RECORD STAFF

Friday June 14, 2002


Jie Guo of Kitchener holds a picture of her husband Bo Yang demonstrating Falun Gong at a multicultural festival in Windsor two years ago. Yang was part of a group of Falun Gong practitioners barred from entering Iceland on Tuesday. [...]

A Kitchener woman fears for Canadians' freedom of religion when they travel after her husband was barred from entering Iceland on Tuesday.

Jie Guo said her husband Bo Yang was one of about 70 Falun Gong practitioners, including about 10 from Canada, detained overnight because of their spirituality.

"It's unbelievable; it's unreasonable to get detained in a democratic country for spiritual beliefs," she said with the help of interpreter Jinying Yin of Waterloo.

"Today, it's Falun Gong. Maybe tomorrow, it's Christians."

An additional six Canadians were among a group of 36 people prevented from boarding a flight from Copenhagen, Denmark, on Tuesday.

Practitioners of Falun Gong, the meditation and spirituality movement also known as Falun Dafa, were also barred from flights in Boston and Paris.

Icelandic police said they detained the Falun Gong practitioners because there were not enough police to control rallies being planned by adherents protesting a visit by Chinese President Jiang Zemin.

Jiang arrived in the Icelandic capital of Reykjavik yesterday afternoon.

In 1999, China began a violent crackdown on Falun Gong, which emerged as a spiritual and exercise movement in China 10 years ago.

After the government denounced the movement [...], more than 350 practitioners are reported to have died in Chinese labour camps and mental hospitals after being arrested and tortured, say government opponents and human rights advocates.

Guo said she doesn't believe her fellow practitioners posed a danger, so detaining them overnight wasn't warranted.

Previous demonstrations in the United States and Europe, which practitioners prefer to call "appeals to human rights," have been peaceful, she said.

Icelandic authorities released the detainees on Wednesday, including Yang, after volunteers promised to cooperate with police and rally only in designated areas.

Guo said after her husband arrived in Iceland and was quizzed by airport authorities, he was detained in a converted school several kilometres from the airport.
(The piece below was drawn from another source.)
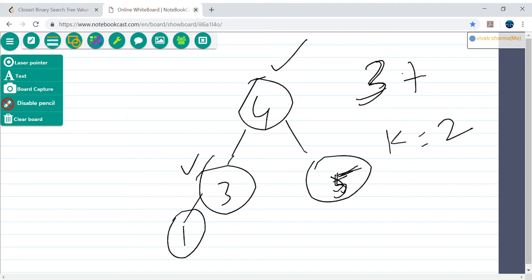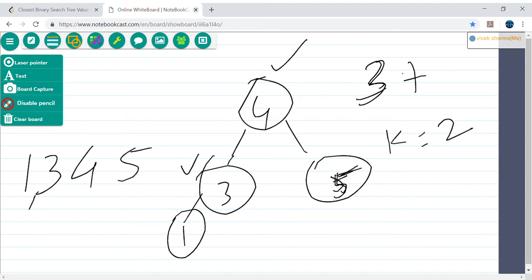How are we planning to solve this problem? Since this is a binary search tree, we can either use the BST property — that's one idea. Another idea is to use an inorder traversal if we don't want to explicitly go left and right using BST logic. Inorder traversal gives us a sorted list, so if I do the inorder traversal of this tree, I get: 1, 3, 4, 5.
Guo said she hasn't spoken with her husband since he left Canada on Monday, but she is getting e-mail updates from other practitioners.

She has tried calling her husband on his cellphone, but hasn't been able to reach him, Guo said.
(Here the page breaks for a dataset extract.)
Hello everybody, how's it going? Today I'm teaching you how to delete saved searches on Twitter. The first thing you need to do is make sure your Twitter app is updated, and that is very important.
The Record's attempts to reach Yang in Iceland also were not successful.

Guo and Yang became landed immigrants in Canada about four years ago after immigrating from Beijing and started practising Falun Gong shortly afterward.

They moved to Kitchener with their three-year-old son about a month ago.
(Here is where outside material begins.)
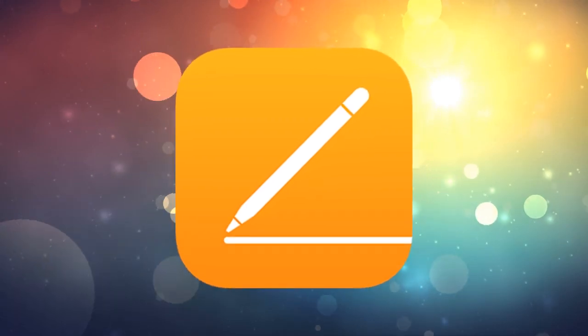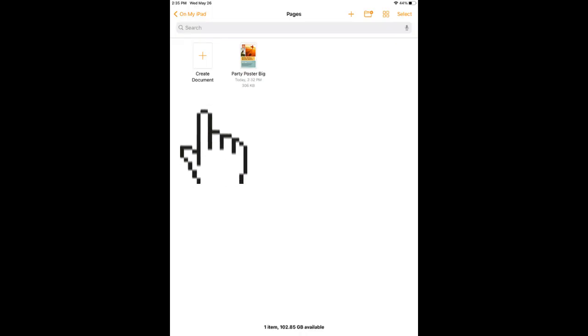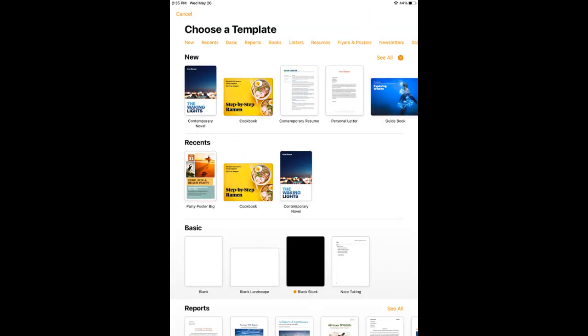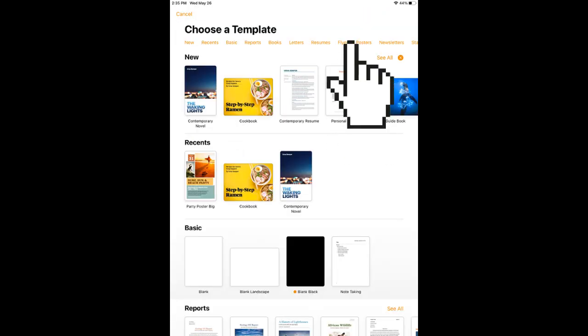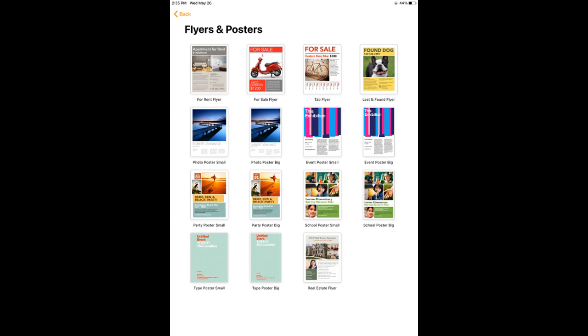Open Pages on your iPad, tap Create Document, choose Flyers and Posters, then select a template.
Yang, who works as a design engineer for an auto parts manufacturer in Stratford, is a Chinese citizen and travelled to Iceland with a Chinese passport.

Guo said she didn't worry about his safety because Iceland is a democratic country.

But Guo said she worries that Chinese authorities are flexing their political and economic muscle to clamp down on Falun Gong practitioners beyond their borders and regardless of their citizenship.

Reynald Doiron, a spokesman for the foreign affairs department, said the Canadian government disagrees with Chinese law that outlaws the practice of Falun Gong, calling it a violation of human rights.

"Every time a Canadian citizen who is a Falun Gong practitioner has been rounded up by Chinese police, we have intervened," he said.

But that stance doesn't apply to Iceland, he said.

Iceland can refuse anyone they want from entering the country, he said, and he disagreed with the claim that Iceland was conducting religious profiling.